EXERCISE OBJECTIVE -
Starting at the line that contains "Medium Photo #1", print each line exactly through the end of the listing. Skip any pictures and add nothing.

INPUT DATA -

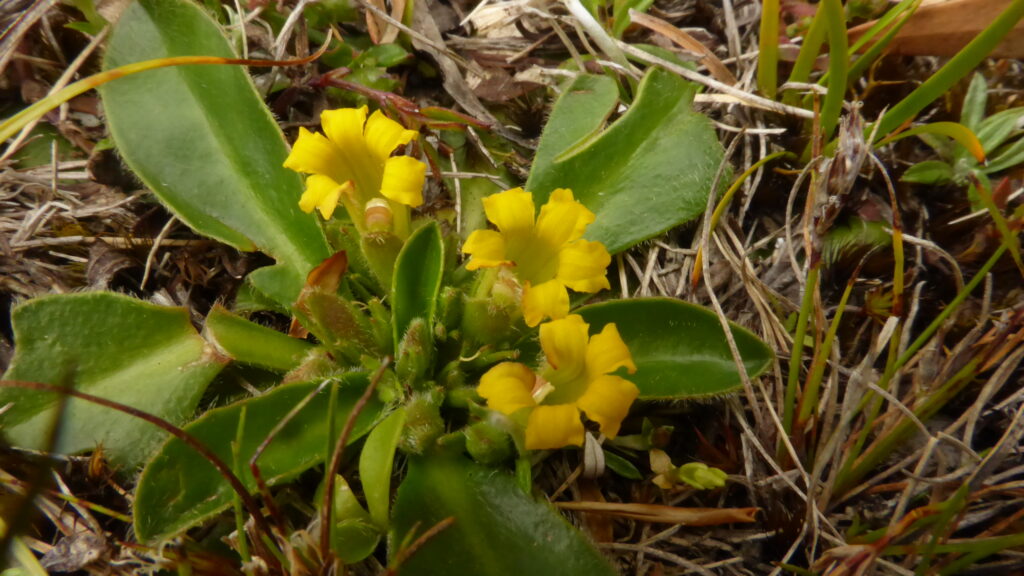 Goodenia montana at Bare Rock, Fingal (LB)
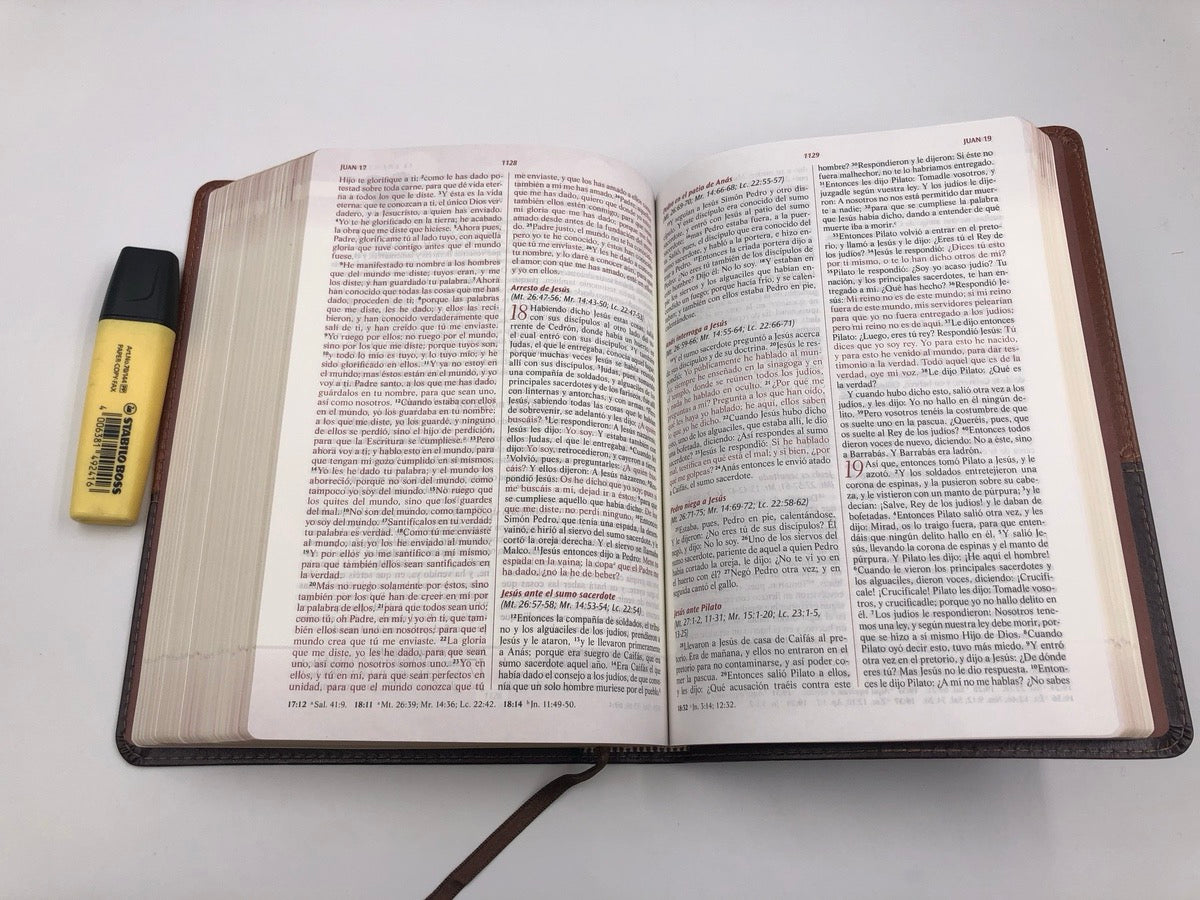 Biblia RVR 1960 Devocional los Lenguajes del Amor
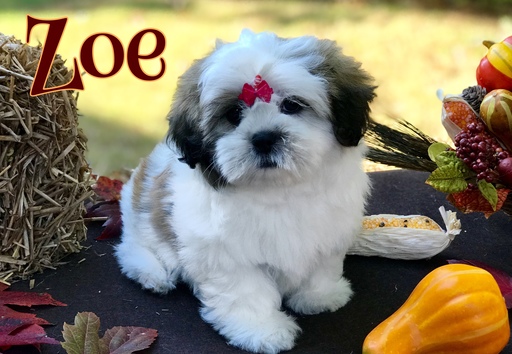 Medium Photo #1 Mal-Shi Puppy For Sale in BUFORD, GA, USA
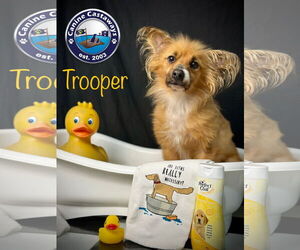 Paperanian Dogs for adoption in Arcadia, FL, USA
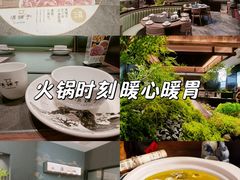 -滇铺子·云南特色菜·第九届野生菌美食节(曲靖万达店)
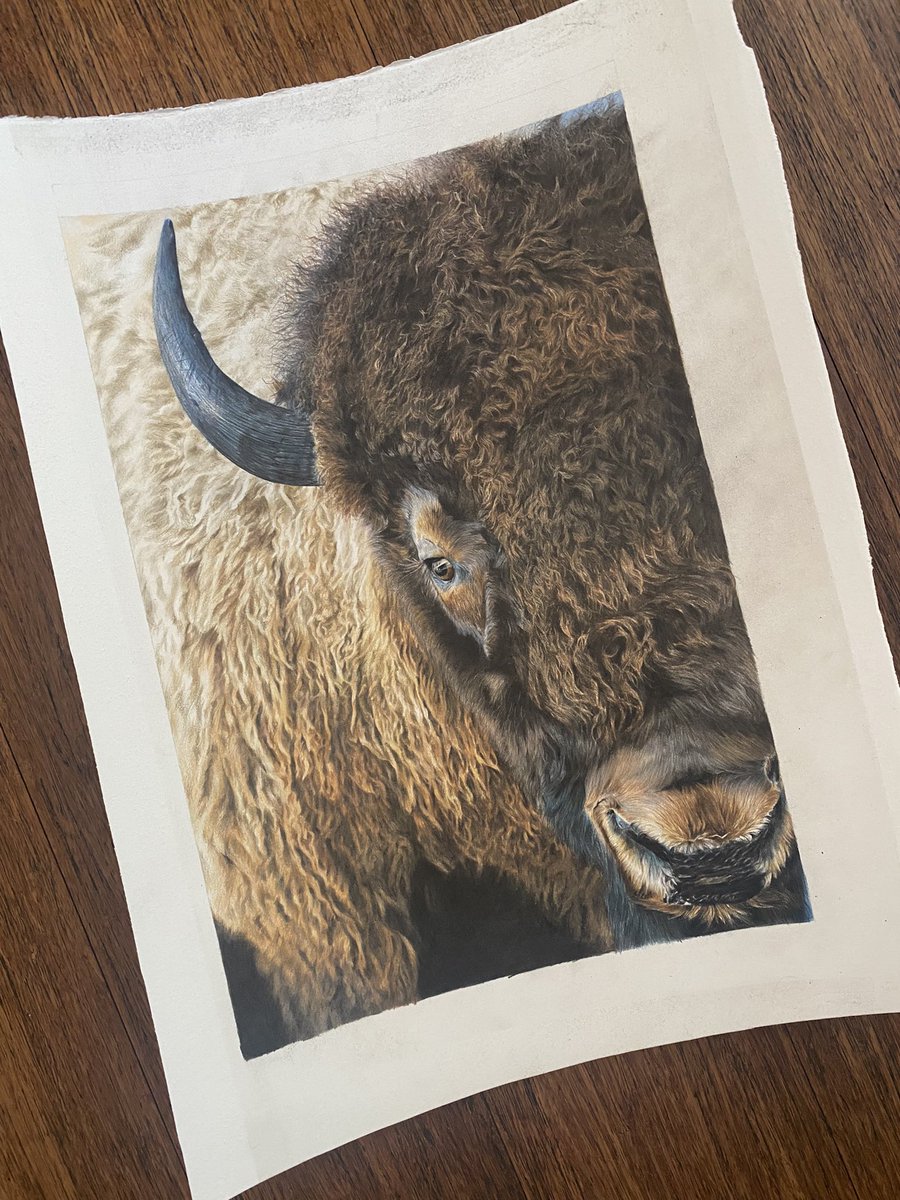 Thank you all so much for your orders of this one! Grab yours here jessica-lennox-art.myshopify.com/products/wild-…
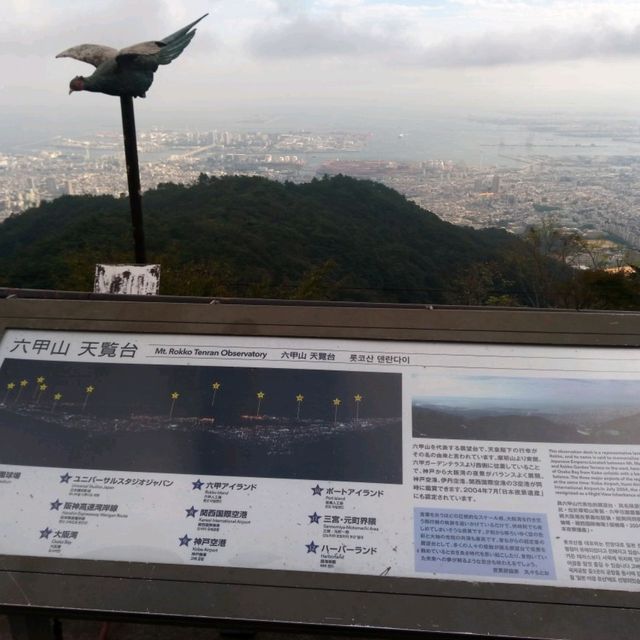 帶你走進神秘動畫龍貓站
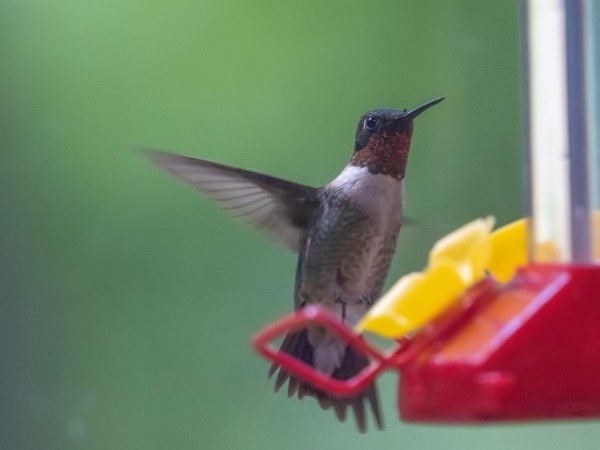 Ruby-throated Hummingbird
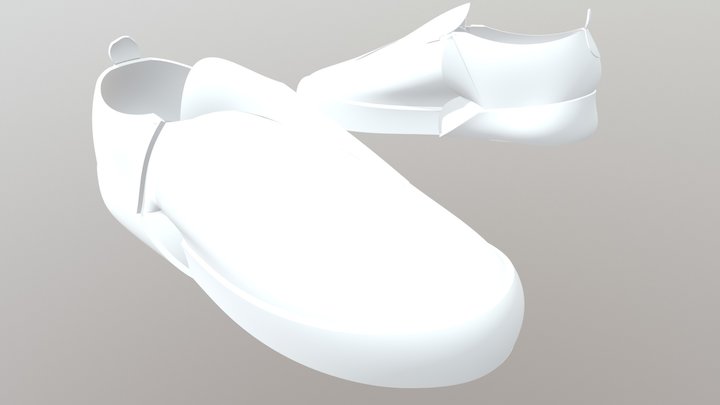 Skateboarding Shoe 3D Model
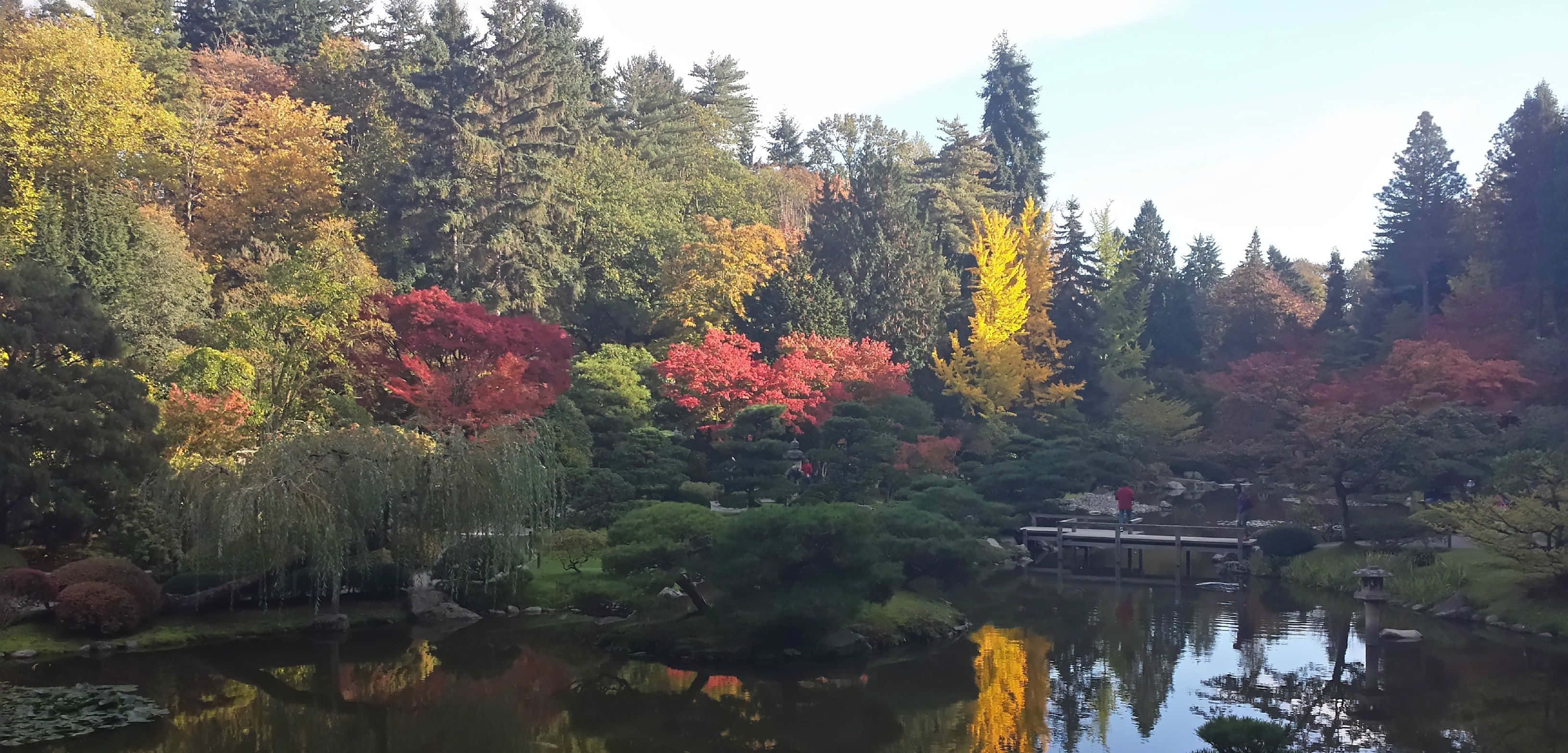 Outside 桌布 壁紙 — 一個寧靜的日本花園池塘倒映著色彩繽紛的秋樹，紅黃綠葉在晴朗的天空下。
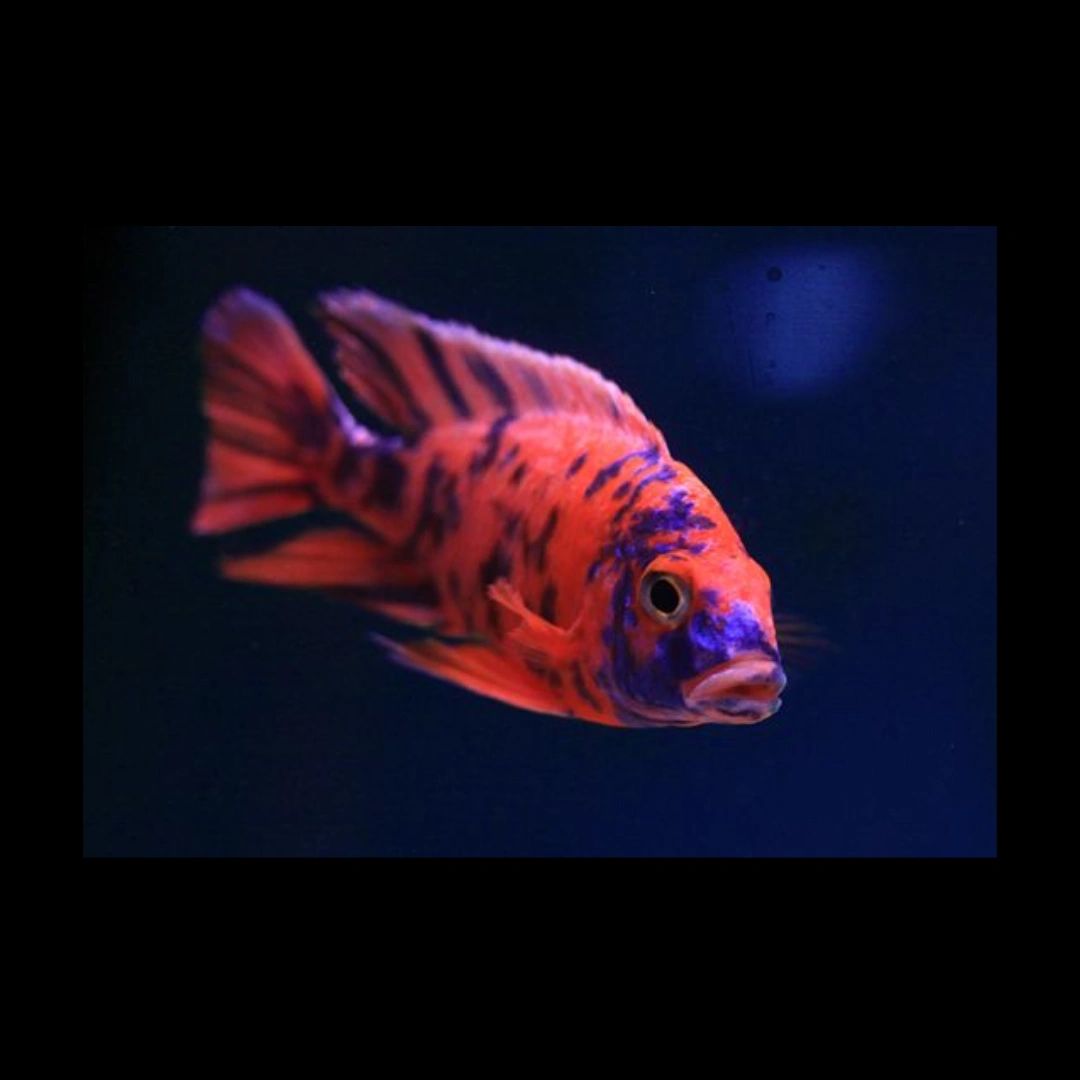 Aquarium Supplies Online Shopping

ANSWER SPACE -
 Medium Photo #1 Mal-Shi Puppy For Sale in BUFORD, GA, USA
 Paperanian Dogs for adoption in Arcadia, FL, USA
 -滇铺子·云南特色菜·第九届野生菌美食节(曲靖万达店)
 Thank you all so much for your orders of this one! Grab yours here jessica-lennox-art.myshopify.com/products/wild-…
 帶你走進神秘動畫龍貓站
 Ruby-throated Hummingbird
 Skateboarding Shoe 3D Model
 Outside 桌布 壁紙 — 一個寧靜的日本花園池塘倒映著色彩繽紛的秋樹，紅黃綠葉在晴朗的天空下。
 Aquarium Supplies Online Shopping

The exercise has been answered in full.